Re: Should vacuum process config file reload more often

From: Masahiko Sawada <sawada(dot)mshk(at)gmail(dot)com>
To: Melanie Plageman <melanieplageman(at)gmail(dot)com>
Cc: Daniel Gustafsson <daniel(at)yesql(dot)se>, Kyotaro Horiguchi <horikyota(dot)ntt(at)gmail(dot)com>, PostgreSQL Hackers <pgsql-hackers(at)postgresql(dot)org>, Andres Freund <andres(at)anarazel(dot)de>, amit(dot)kapila16(at)gmail(dot)com
Subject: Re: Should vacuum process config file reload more often
Date: 2023-04-03 02:27:42
Message-ID: CAD21AoDi4i4tj1Cf9BG0q2iyVhHisQ2xxVBZajEqExX6t6_b3g@mail.gmail.com
Views: Raw Message | Whole Thread | Download mbox | Resend email
Thread:
Lists: pgsql-hackers

On Sat, Apr 1, 2023 at 4:09 AM Melanie Plageman
<melanieplageman(at)gmail(dot)com> wrote:
>
> On Fri, Mar 31, 2023 at 10:31 AM Melanie Plageman
> <melanieplageman(at)gmail(dot)com> wrote:
> >
> > On Thu, Mar 30, 2023 at 3:26 PM Daniel Gustafsson <daniel(at)yesql(dot)se> wrote:
> > >
> > > > On 30 Mar 2023, at 04:57, Masahiko Sawada <sawada(dot)mshk(at)gmail(dot)com> wrote:
> > >
> > > > As another idea, why don't we use macros for that?

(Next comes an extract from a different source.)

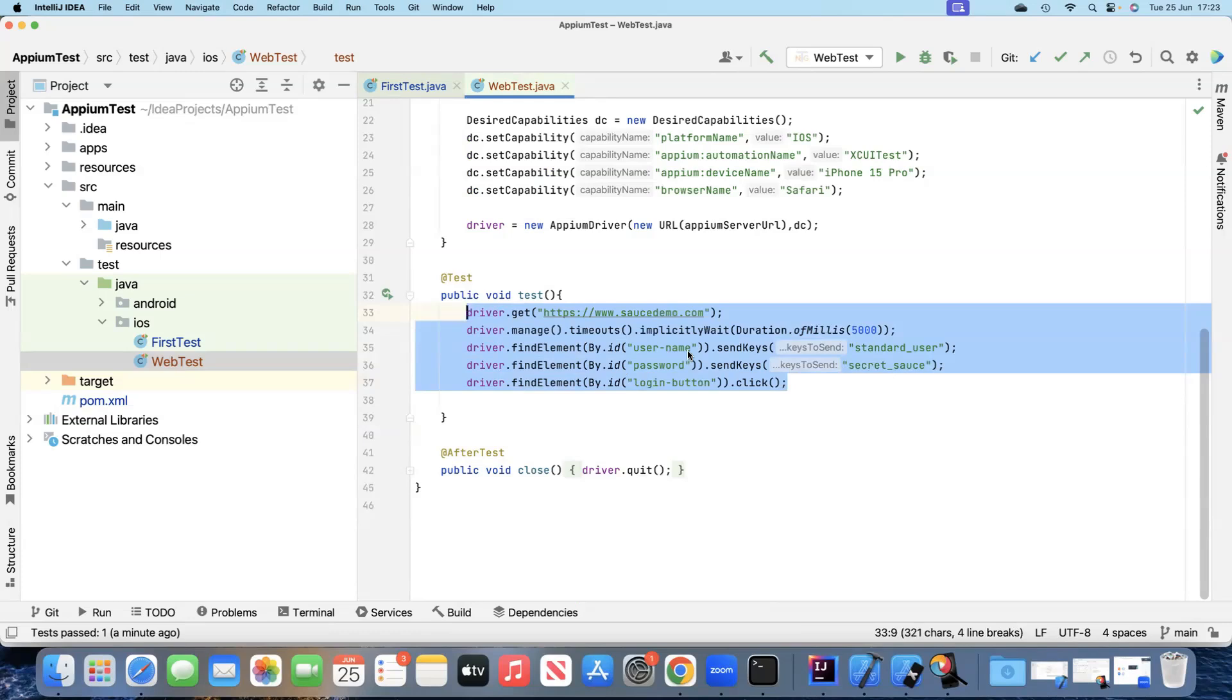This is how you can automate your mobile browsers, be it Safari for iOS or Chrome for Android. Using Appium, you have to use the Appium driver, and then you can use all the different WebDriver methods which are very similar to what you use in Selenium.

For example,
> > > > suppose VacuumCostStatus is like:
> > > >
> > > > typedef enum VacuumCostStatus
> > > > {
> > > > VACUUM_COST_INACTIVE_LOCKED = 0,
> > > > VACUUM_COST_INACTIVE,
> > > > VACUUM_COST_ACTIVE,
> > > > } VacuumCostStatus;
> > > > VacuumCostStatus VacuumCost;
> > > >
> > > > non-vacuum code can use the following macros:
> > > >
> > > > #define VacuumCostActive() (VacuumCost == VACUUM_COST_ACTIVE)
> > > > #define VacuumCostInactive() (VacuumCost <= VACUUM_COST_INACTIVE) //
> > > > or we can use !VacuumCostActive() instead.
> > >
> > > I'm in favor of something along these lines. A variable with a name that
> > > implies a boolean value (active/inactive) but actually contains a tri-value is
> > > easily misunderstood. A VacuumCostState tri-value variable (or a better name)
> > > with a set of convenient macros for extracting the boolean active/inactive that
> > > most of the code needs to be concerned with would more for more readable code I
> > > think.
> >
> > The macros are very error-prone. I was just implementing this idea and
> > mistakenly tried to set the macro instead of the variable in multiple
> > places. Avoiding this involves another set of macros, and, in the end, I
> > think the complexity is much worse. Given the reviewers' uniform dislike
> > of VacuumCostInactive, I favor going back to two variables
> > (VacuumCostActive + VacuumFailsafeActive) and moving
> > LVRelState->failsafe_active to the global VacuumFailsafeActive.
> >
> > I will reimplement this in the next version.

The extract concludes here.